Using the entries below, copy exactly each line from the line with "Playas de Tijuana, Mexico, December" up to and including the line with "16361 Stringfellow Road", with every picture left out.

==== DATA FOR THE TASK ====

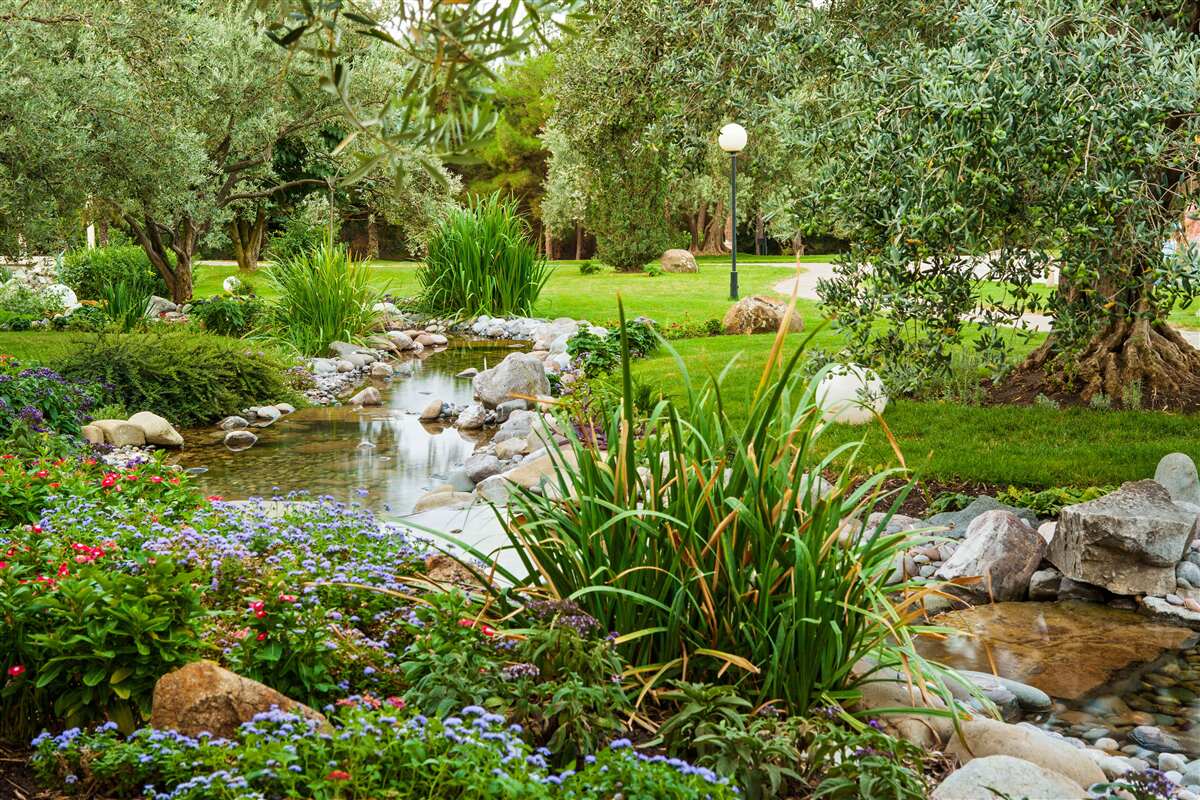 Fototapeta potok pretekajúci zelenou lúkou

====
==== DATA FOR THE TASK ====

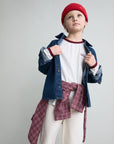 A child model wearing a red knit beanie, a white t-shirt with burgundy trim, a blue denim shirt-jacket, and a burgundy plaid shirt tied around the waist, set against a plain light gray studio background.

====
==== DATA FOR THE TASK ====

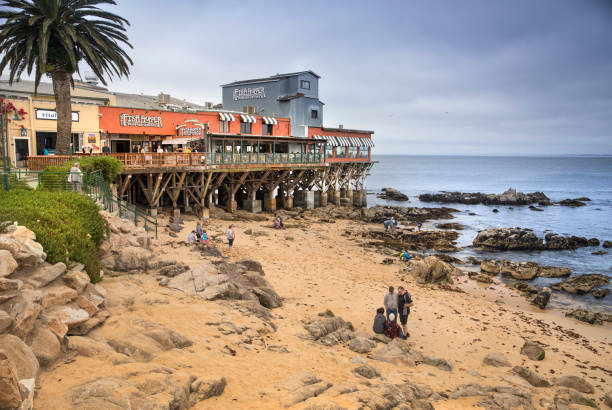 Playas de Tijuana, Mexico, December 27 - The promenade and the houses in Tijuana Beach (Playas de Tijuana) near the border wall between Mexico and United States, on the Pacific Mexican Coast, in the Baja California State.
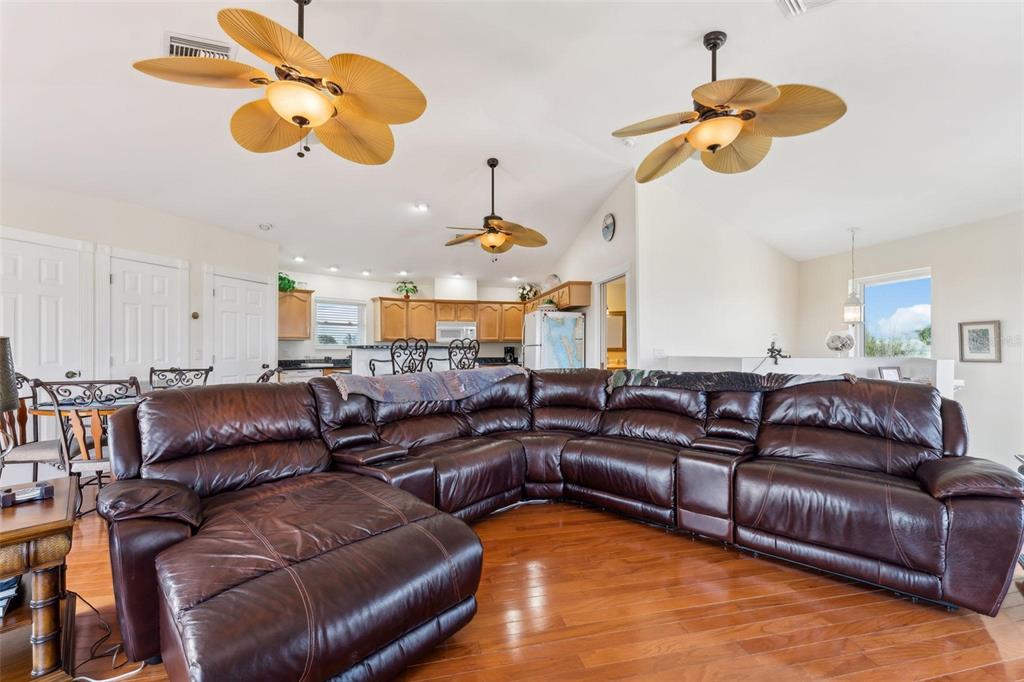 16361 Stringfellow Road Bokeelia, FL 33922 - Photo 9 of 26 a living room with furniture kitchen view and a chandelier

====

SOLUTION
 Playas de Tijuana, Mexico, December 27 - The promenade and the houses in Tijuana Beach (Playas de Tijuana) near the border wall between Mexico and United States, on the Pacific Mexican Coast, in the Baja California State.
 16361 Stringfellow Road Bokeelia, FL 33922 - Photo 9 of 26 a living room with furniture kitchen view and a chandelier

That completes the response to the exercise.